I’m grateful for my birth family.  I’m grateful that my grandmother told me stories, my father read me poetry and my brother introduced me to science fiction.  I’m grateful my mom worked her fingers to the bone and managed things so that we survived despite their spending a small fortune on my health care when I was little.  And I’m grateful that all of them resisted the impulse to drown me though heaven knows, considering the escapades I remember, it must have been hard at times.  (Maybe I should also be grateful it was a bit of a walk to the nearest large-enough-to-pitch-a-kid-into river.  Gave them time to cool off.  Do you know how hard that was to arrange in Portugal?)

I’m grateful for my husband, and I’m grateful I found him at all.  I bet whoever arranged such things placed us on different continents thinking that would be SAFER.  Ah!

I’m grateful for his genius, his sense of humor, but most of all I’m grateful for his kindness.  (I think he’s hot too, but that’s my business, right?  All y’all practice discipline of the eyes NOW.)

I’m grateful my husband has never drowned me.  (Great foresight on my part living in Colorado and away from reservoirs, uh?)

I’m grateful for my kids.  Given six years of infertility before the first one, given that the second one was a complete and wonderful surprise, they’re both miracles.  And I’m grateful they’re the sort of kids who can make me laugh even when I feel like crying, and that they’re responsible, caring and far more talented than I’ll ever be.  (I think they’re cute too, but I’m their mom, so that’s suspect.)

I’m grateful that we bought Miranda-cat, the cornish rex princess to celebrate my first book sale, even if it seemed a bit like white-slavery.  She and the younger boy are inseparable and it’s just cute to watch.  And I’m grateful D’Artagnan cat walked in during a snow storm, even if at times it’s hard not to drown him when he pees out of place.  And I’m grateful Euclid-cat needed rescue.  And I’m grateful Havelock-cat came to us at the mini golf course, broken-tailed and filthy and… well.  That he stayed.  We love them all and they keep us connected to life.

I’m grateful for my friends, which connects with being grateful for technology and the internet, since I only met many of them due to the magic of the interwebs.  They argue with me, proof read me, beta read me, make me write and generally keep me sane.  And they make my life far less lonely than it would otherwise be.  Oh, yeah, and they can’t drown me over the internet (ah ah.)

I’m grateful I’m the sort of person who makes up stories.  They carried me through some very dark times.

I’m grateful that people like reading my stories — enough of them that I can make a living doing this.
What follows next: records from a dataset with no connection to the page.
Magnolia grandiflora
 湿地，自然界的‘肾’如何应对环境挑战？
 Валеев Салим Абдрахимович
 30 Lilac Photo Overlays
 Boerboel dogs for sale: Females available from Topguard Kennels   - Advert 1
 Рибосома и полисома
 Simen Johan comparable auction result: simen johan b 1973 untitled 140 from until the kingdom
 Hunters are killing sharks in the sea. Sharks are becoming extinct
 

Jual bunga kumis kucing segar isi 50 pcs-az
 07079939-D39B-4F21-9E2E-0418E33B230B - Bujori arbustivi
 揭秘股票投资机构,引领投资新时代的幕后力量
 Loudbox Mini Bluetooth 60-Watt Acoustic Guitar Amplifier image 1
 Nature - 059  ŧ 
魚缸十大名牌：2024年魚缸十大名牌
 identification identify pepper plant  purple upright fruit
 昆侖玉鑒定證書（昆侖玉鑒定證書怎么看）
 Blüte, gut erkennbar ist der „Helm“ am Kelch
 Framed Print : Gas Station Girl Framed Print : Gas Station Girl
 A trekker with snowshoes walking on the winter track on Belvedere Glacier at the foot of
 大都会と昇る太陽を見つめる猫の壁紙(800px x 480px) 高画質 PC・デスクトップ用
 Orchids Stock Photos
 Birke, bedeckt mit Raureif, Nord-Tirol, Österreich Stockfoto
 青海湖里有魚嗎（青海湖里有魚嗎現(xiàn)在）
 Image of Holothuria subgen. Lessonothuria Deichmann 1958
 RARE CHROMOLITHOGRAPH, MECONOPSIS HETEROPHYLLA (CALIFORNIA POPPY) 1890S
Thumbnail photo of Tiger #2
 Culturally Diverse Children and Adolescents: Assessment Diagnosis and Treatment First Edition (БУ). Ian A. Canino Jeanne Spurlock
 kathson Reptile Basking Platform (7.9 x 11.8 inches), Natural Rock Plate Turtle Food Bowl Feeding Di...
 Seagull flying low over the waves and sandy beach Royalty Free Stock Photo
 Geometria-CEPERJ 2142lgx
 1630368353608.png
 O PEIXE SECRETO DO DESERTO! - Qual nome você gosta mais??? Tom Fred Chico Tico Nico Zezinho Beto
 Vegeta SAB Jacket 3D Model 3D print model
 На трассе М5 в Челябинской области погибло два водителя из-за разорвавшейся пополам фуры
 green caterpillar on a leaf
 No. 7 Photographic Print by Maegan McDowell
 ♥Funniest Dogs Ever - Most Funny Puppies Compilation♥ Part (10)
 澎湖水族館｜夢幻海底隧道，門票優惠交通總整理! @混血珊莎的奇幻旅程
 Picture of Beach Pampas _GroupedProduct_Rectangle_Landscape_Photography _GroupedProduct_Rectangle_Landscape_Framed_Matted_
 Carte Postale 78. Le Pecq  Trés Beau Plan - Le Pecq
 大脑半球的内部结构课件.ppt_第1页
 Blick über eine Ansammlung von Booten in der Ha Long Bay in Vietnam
I’m grateful for the ability to put my own stuff up.  Even if I always sell traditionally ALSO, the freedom to do for self is not to be sneezed at.

I’m grateful for the donations on Witchfinder, because they show me it’s appreciated, even if it is going literally to fund kitty kibble because Euclid turns out to be allergic to affordable cat food (yeah, I know.  So much for writing weekends.)  But I’m grateful we found that out, because cat who pulls out all fur from legs and tummy looks funny.

And I’m grateful for all of you who comment on this blog.  You keep me going when things seem hopeless and you’re too far away to drown me when I annoy you.

7 thoughts on “A Short and Incomplete List of Gratitute

  1. Among the many things I’m gratiful about is the love of reading that my parents gave me.

    It’s allowed me to “meet” interesting people both real and imaginary which includes the authors I’ve met on-line.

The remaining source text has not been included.